(Saved data entries)

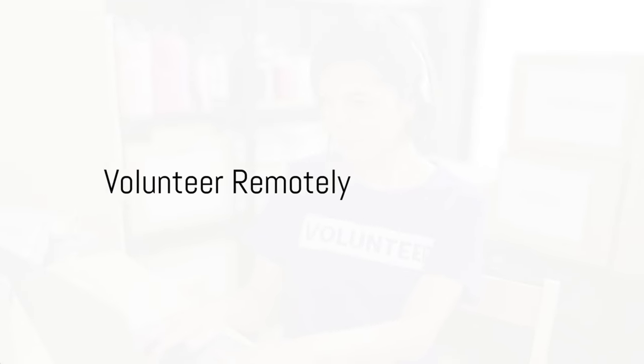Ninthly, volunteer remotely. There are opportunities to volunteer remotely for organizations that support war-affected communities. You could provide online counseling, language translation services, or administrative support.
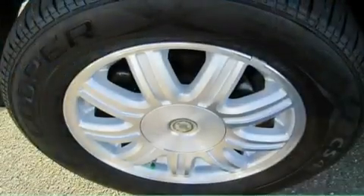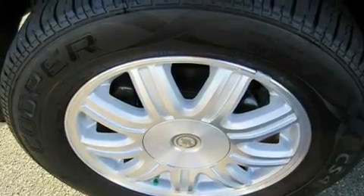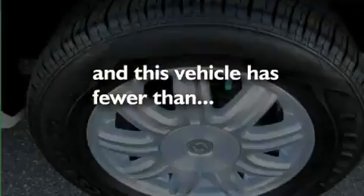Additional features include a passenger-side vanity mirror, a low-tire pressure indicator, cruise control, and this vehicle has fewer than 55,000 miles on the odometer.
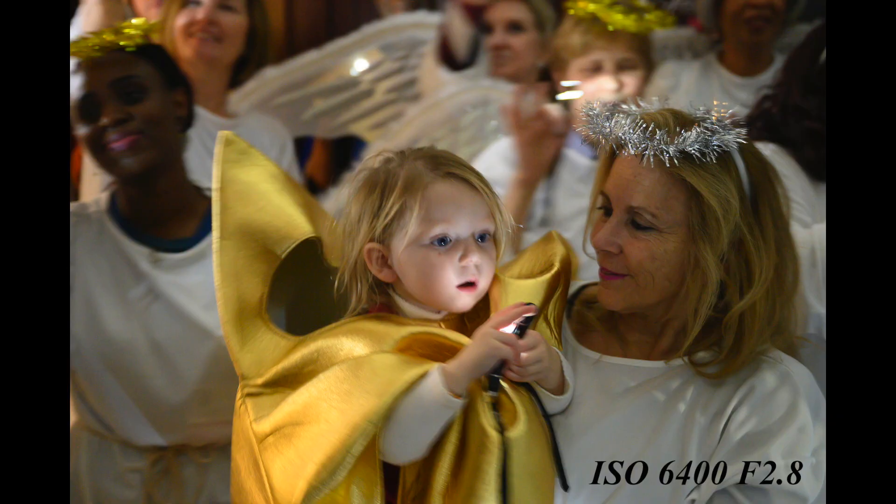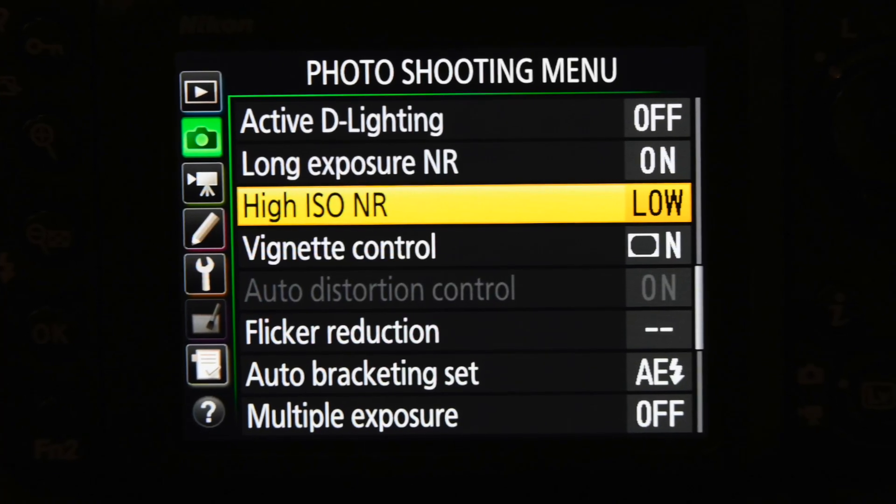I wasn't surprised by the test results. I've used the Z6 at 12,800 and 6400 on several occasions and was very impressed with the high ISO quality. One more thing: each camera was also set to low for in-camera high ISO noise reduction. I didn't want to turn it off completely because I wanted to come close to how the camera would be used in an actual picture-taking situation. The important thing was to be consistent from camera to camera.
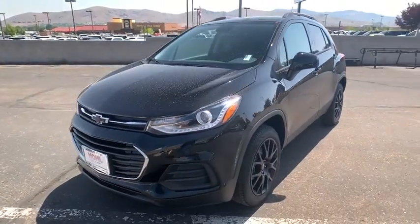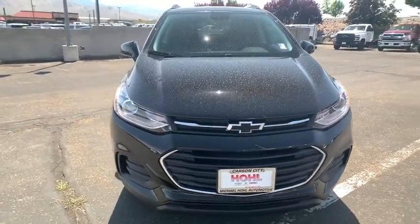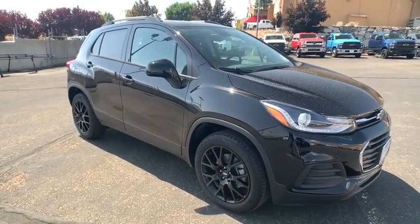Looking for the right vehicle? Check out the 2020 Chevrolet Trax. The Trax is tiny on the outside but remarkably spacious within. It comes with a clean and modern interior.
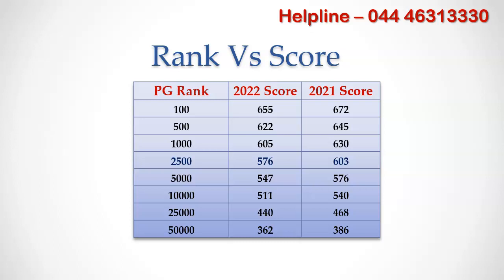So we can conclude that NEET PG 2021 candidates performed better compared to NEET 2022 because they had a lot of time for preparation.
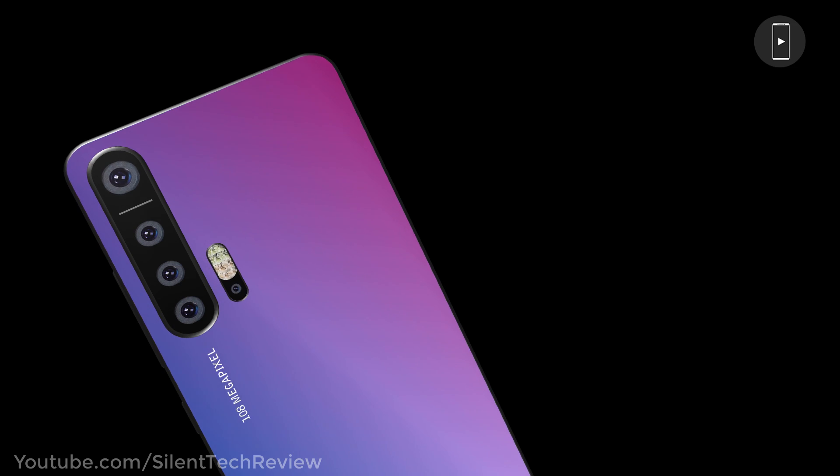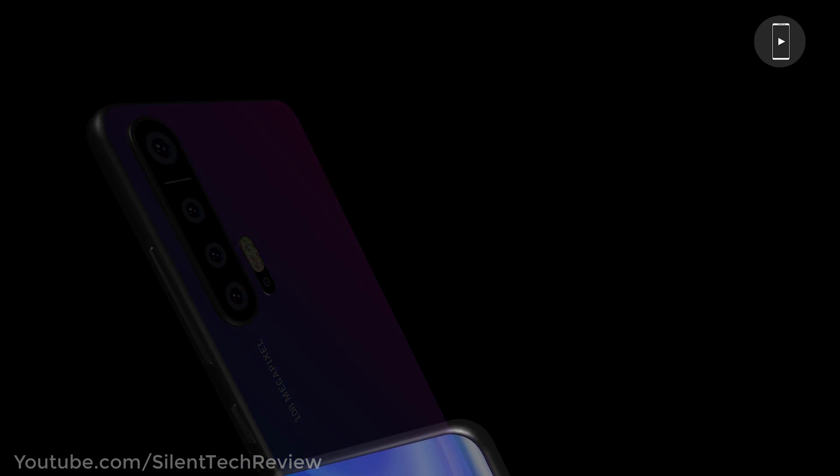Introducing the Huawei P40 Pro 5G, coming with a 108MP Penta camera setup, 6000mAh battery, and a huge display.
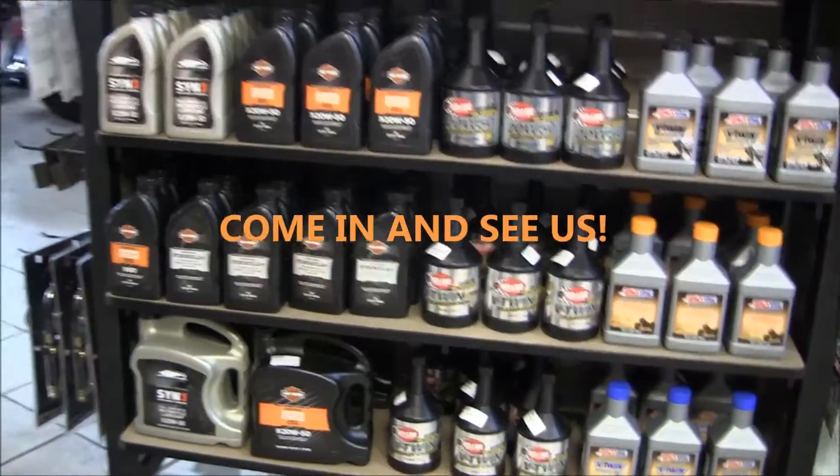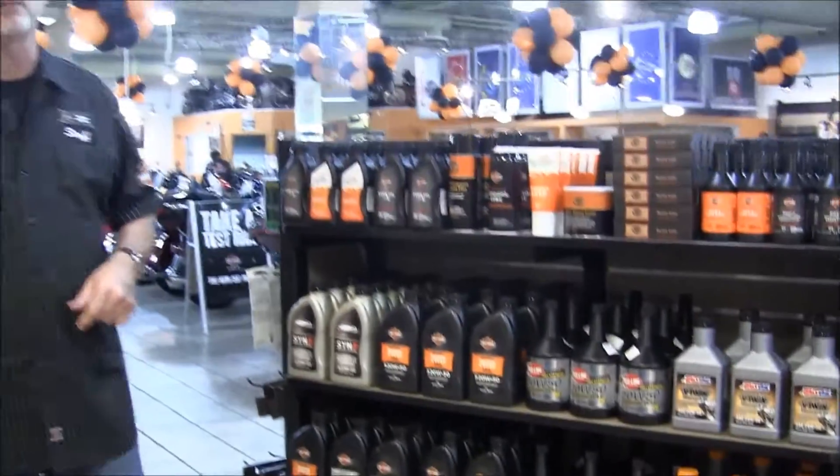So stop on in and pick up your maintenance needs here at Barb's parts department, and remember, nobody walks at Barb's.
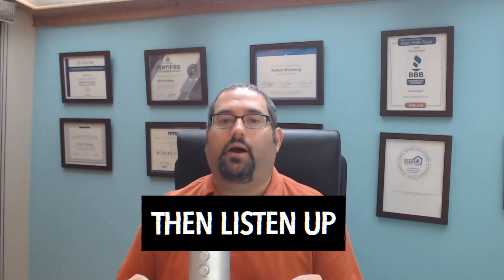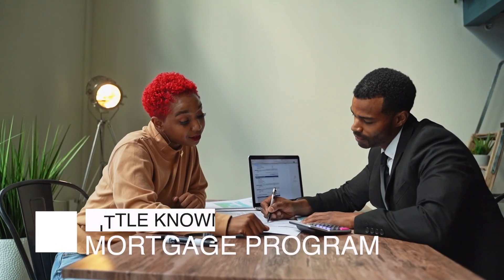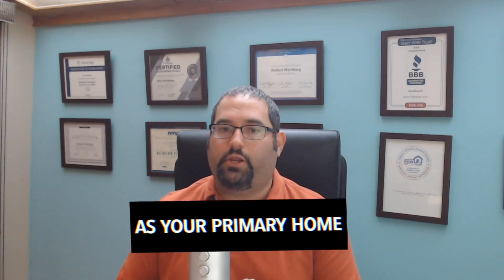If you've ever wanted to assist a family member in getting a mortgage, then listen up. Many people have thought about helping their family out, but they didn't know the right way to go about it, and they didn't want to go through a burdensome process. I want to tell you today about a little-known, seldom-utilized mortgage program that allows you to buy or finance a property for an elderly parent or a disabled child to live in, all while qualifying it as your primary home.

**Task requirements:** Only the text of the entries above, transcribed exactly, should be given; leave out pictures.

**Exercise response:**
Ninthly, volunteer remotely. There are opportunities to volunteer remotely for organizations that support war-affected communities. You could provide online counseling, language translation services, or administrative support.
Additional features include a passenger-side vanity mirror, a low-tire pressure indicator, cruise control, and this vehicle has fewer than 55,000 miles on the odometer.
I wasn't surprised by the test results. I've used the Z6 at 12,800 and 6400 on several occasions and was very impressed with the high ISO quality. One more thing: each camera was also set to low for in-camera high ISO noise reduction. I didn't want to turn it off completely because I wanted to come close to how the camera would be used in an actual picture-taking situation. The important thing was to be consistent from camera to camera.
Looking for the right vehicle? Check out the 2020 Chevrolet Trax. The Trax is tiny on the outside but remarkably spacious within. It comes with a clean and modern interior.
So we can conclude that NEET PG 2021 candidates performed better compared to NEET 2022 because they had a lot of time for preparation.
Introducing the Huawei P40 Pro 5G, coming with a 108MP Penta camera setup, 6000mAh battery, and a huge display.
So stop on in and pick up your maintenance needs here at Barb's parts department, and remember, nobody walks at Barb's.
If you've ever wanted to assist a family member in getting a mortgage, then listen up. Many people have thought about helping their family out, but they didn't know the right way to go about it, and they didn't want to go through a burdensome process. I want to tell you today about a little-known, seldom-utilized mortgage program that allows you to buy or finance a property for an elderly parent or a disabled child to live in, all while qualifying it as your primary home.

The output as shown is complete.